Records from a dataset
☆ ☆ ☆ ☆
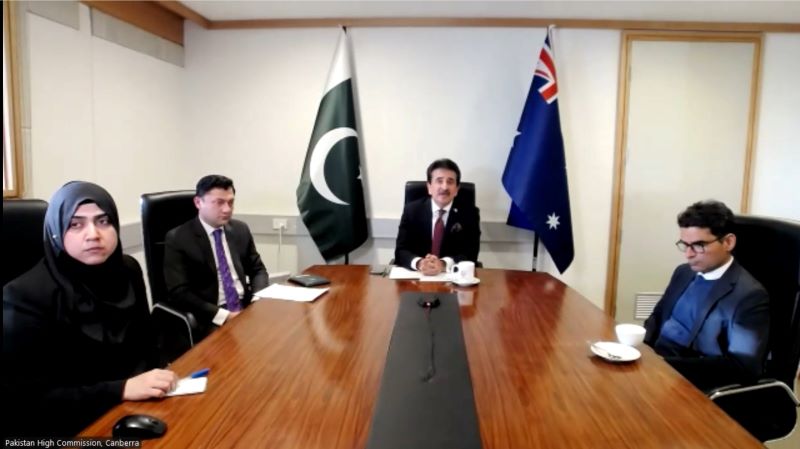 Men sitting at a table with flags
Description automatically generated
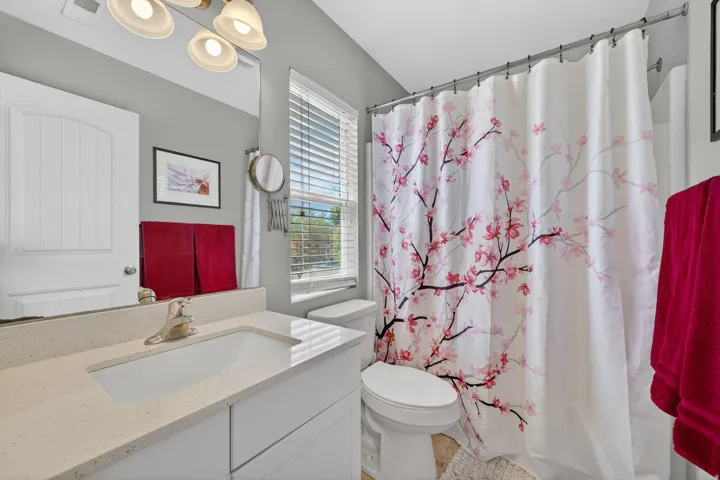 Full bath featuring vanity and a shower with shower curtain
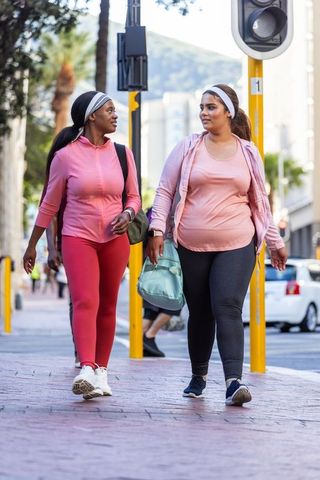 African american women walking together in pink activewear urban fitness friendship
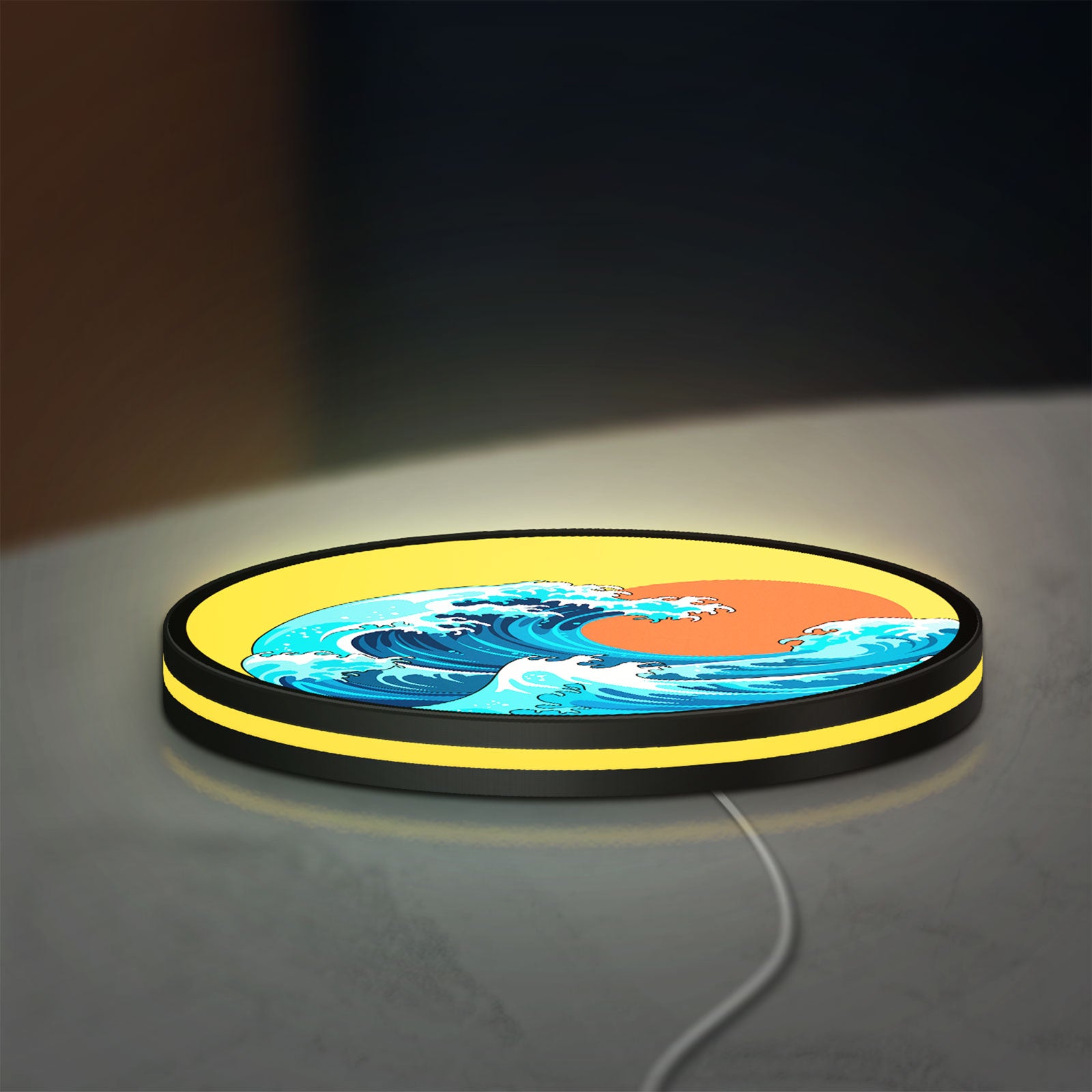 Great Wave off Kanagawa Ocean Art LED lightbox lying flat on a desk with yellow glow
☆ ☆ ☆ ☆
Task objective.
Write each line exactly as it appears, from the line that holds "African american women" through the closing line of the data above, and leave every picture out.

Written reply.
 African american women walking together in pink activewear urban fitness friendship
 Great Wave off Kanagawa Ocean Art LED lightbox lying flat on a desk with yellow glow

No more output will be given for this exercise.